**Records to use:**

_ _ _

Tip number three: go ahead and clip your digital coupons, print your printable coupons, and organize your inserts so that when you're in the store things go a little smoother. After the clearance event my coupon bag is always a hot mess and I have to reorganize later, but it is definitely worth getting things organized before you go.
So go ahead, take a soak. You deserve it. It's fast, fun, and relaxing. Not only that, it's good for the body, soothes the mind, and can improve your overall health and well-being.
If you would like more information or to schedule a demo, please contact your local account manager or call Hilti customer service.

_ _ _

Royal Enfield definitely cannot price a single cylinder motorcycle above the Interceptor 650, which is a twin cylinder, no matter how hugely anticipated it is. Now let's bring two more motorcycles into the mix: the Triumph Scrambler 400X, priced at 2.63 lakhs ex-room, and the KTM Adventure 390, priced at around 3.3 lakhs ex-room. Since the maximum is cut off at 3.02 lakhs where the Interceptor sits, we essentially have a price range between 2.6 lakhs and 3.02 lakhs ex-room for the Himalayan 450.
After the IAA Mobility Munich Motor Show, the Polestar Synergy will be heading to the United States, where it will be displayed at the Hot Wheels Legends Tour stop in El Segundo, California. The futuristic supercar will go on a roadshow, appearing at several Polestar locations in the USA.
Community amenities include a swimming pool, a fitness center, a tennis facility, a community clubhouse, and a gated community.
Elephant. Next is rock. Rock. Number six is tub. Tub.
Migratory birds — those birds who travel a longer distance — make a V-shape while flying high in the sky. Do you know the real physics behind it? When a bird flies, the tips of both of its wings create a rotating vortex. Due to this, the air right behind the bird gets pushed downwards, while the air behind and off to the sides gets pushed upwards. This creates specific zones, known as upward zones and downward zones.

_ _ _

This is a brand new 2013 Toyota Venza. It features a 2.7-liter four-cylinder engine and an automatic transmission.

_ _ _

**Work instruction:** Everything above from the line containing "Community amenities include" down to the line containing "Migratory birds —" should be copied exactly, both end lines included, and nothing else.

**The answer:**
Community amenities include a swimming pool, a fitness center, a tennis facility, a community clubhouse, and a gated community.
Elephant. Next is rock. Rock. Number six is tub. Tub.
Migratory birds — those birds who travel a longer distance — make a V-shape while flying high in the sky. Do you know the real physics behind it? When a bird flies, the tips of both of its wings create a rotating vortex. Due to this, the air right behind the bird gets pushed downwards, while the air behind and off to the sides gets pushed upwards. This creates specific zones, known as upward zones and downward zones.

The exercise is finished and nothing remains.